Der Stabilitätspakt wurde ins Leben gerufen, um aus dem Euro eine stabile Währung zu machen. Aber eine Währung ist einzig und allein so stark wie die dahinter stehende Wirtschaft: Können die Unternehmen Produkte erzeugen, die auch im Ausland konkurrenzfähig sind - oder werden viele Erzeugnisse importiert und fließt Wertschöpfung ab? Lässt das Steuerniveau genügend verfügbares Einkommen für den privaten Konsum? Fließt viel Geld in einen aufgeblasenen Beamtenapparat? Wie teuer sind Pensions- und Gesundheitssystem? Wie sieht das Umfeld für Unternehmensgründungen aus? Ist es leicht, für eine gute Idee Geld an den Kapitalmärkten zu bekommen?

All diese und viele weitere Fragen werden vom ursprünglichen "Stabilitätspakt" in Wahrheit nicht einmal ansatzweise berührt. Große wie kleine Mitgliedsländer der Eurozone haben gezeigt, dass sie sehr wohl den äußeren Schein eines (fast) ausgeglichenen Staatshaushaltes erreichen konnten, ohne die inneren Haushaltsstrukturen zu verbessern. Ein gutes Beispiel ist hier Österreich: Finanzminister Karl-Heinz Grasser erreichte das Nulldefizit mit einer Rekord-Steuerlast und mit Vorzieheffekten. Keine Rede von einem schlankeren Staat. Von einer nachhaltigen Reform des Pensionssystems oder der Lohnnebenkosten ist da noch gar nicht zu reden. Dazu kommt, dass stark populistisch veranlagte Regierungen wie die schwarz-blaue in Österreich in die Versuchung kommen, das "Nulldefizit" stammtischgerecht auch in wirtschaftlichen Abschwungphasen zu erreichen - wie bereits 2001 geschehen. Ergebnis: Österreich rutschte beim Wirtschaftswachstum in der EU an die vorletzte Stelle.

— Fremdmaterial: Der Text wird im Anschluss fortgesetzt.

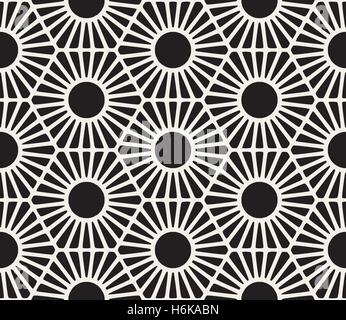 Vektor nahtlose Black And White Lace Blumenmuster Stock Vektor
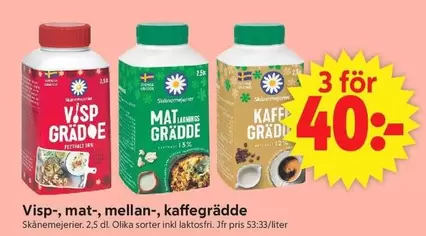Skånemejerier - Visp-, mat-, kaffegrädde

Prozyklisches Investitionsverhalten

Der Stabilitätspakt führte zu einem prozyklischen Investitionsverhalten des Staates: Sparen, wenn es der Wirtschaft bereits schlecht geht, und investieren in Hochkonjunkturphasen, wo es genügend Aufträge aus der Privatwirtschaft gibt - nicht nur in Österreich, sondern im ganzen Euroraum. Somit erreichte der Stabilitätspakt genau das Gegenteil seines Zieles: Er bremste die Wirtschaft und damit auch den Euro, der sein Startniveau zum Dollar aus gutem Grund nie wieder erreicht hat.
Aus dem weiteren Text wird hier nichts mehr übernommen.